『酒井家のしあわせ』

監督の呉美保は、タイトルは忘れたけれど何かの映画で記録係をやっていた。
記録、つまりスクリプトの仕事は撮影されたショットの一切を記録すること。たとえば今撮影中のショットに出ている俳優がどんな衣装を着ていて、カット尻では手足の位置がどこにあったかなど、こと細かにメモをとる。
映画では同じシーンだから続けて撮るとは限らず、スケジュールの都合でまったく別の日に撮影なんてこともよくあるハナシ。連続したシーンなのにカットが切り替わったとたん出演者の衣装が違っていたり、アクションがつながらなかったりというミスが起こらないとも限らない。

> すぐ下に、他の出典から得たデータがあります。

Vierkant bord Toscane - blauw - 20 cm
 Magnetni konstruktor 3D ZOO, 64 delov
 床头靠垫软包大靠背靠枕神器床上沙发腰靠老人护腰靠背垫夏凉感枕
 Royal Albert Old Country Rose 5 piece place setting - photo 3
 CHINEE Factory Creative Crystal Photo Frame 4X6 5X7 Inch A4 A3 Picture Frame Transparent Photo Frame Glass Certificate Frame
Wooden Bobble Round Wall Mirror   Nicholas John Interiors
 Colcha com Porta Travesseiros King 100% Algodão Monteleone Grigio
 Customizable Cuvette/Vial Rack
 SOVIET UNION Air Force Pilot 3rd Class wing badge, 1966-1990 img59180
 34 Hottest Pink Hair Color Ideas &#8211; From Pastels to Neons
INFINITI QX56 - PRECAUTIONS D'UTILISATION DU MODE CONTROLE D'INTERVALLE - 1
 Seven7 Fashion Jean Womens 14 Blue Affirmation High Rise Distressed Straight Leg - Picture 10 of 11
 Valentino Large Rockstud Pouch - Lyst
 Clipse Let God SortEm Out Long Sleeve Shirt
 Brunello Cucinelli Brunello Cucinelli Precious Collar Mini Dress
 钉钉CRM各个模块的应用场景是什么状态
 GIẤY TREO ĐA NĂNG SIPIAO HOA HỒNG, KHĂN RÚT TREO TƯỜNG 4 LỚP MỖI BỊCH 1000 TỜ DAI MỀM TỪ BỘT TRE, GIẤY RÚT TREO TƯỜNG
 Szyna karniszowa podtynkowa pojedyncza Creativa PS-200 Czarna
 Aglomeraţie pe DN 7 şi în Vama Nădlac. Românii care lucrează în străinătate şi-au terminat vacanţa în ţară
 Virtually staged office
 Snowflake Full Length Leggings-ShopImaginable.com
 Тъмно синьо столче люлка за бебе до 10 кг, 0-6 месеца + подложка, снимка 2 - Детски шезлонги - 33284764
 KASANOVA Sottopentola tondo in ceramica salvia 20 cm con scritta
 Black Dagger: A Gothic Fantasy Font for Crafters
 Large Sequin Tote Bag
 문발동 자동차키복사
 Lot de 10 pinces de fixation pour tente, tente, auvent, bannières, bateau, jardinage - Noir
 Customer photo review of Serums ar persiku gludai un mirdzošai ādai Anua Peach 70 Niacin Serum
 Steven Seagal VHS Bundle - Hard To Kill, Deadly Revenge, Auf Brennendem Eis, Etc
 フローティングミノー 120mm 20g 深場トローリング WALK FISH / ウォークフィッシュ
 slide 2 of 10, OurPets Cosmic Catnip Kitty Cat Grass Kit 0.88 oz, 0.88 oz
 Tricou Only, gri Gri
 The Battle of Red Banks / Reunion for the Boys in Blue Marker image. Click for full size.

だから記録の仕事は地味だけれど映画製作のうえではとても大事なパートである。
撮影前に建て込みをする美術スタッフや、ポスト・プロダクションがメインになる音楽家、編集者などと違って、記録係は撮影監督や録音マン、照明マンらとともにつねに現場、それも監督のすぐそばで仕事をするから助監督と同じくらい映画全体を把握できる重要なスタッフでもある。映画修行にはまさに最適なポジション。
たとえば、映画の撮影現場が映画になった『アメリカの夜』(フランソワ・トリュフォー監督)でナタリー・バイが扮したスクリプト・ガール(この役はトリュフォー映画の常連スタッフであるシュザンヌ・シフマンをモデルにしている)は、助監督や共同脚本家としても大いに活躍する、監督の右腕ともいえる存在だった。
前置きが長くなってしまったけれど、『酒井家のしあわせ』の呉美保は、撮影現場の記録係としての経験が活きているのだろう、とても新人とは思えない手馴れた監督ぶりである。特に思春期の男子中学生(森田直幸)と彼の母(友近)、そして義父(ユースケ・サンタマリア)と妹の四人家族の何気ない生活を描く前半がとても良い。
ところが中盤になって、ユースケ・サンタマリアの突然の家出という事件を追いかけ始めたとたんに失速。展開も台詞も説明的になる。地方ロケにありがちな祭り場面も必然性に乏しく、平板な印象をぬぐえない。いっそのこと、事件らしい事件が何も起こらない脚本にすればよかったのに、と思う。
ともあれ現場育ちの有望な監督の登場である。呉美保の次回作に期待します。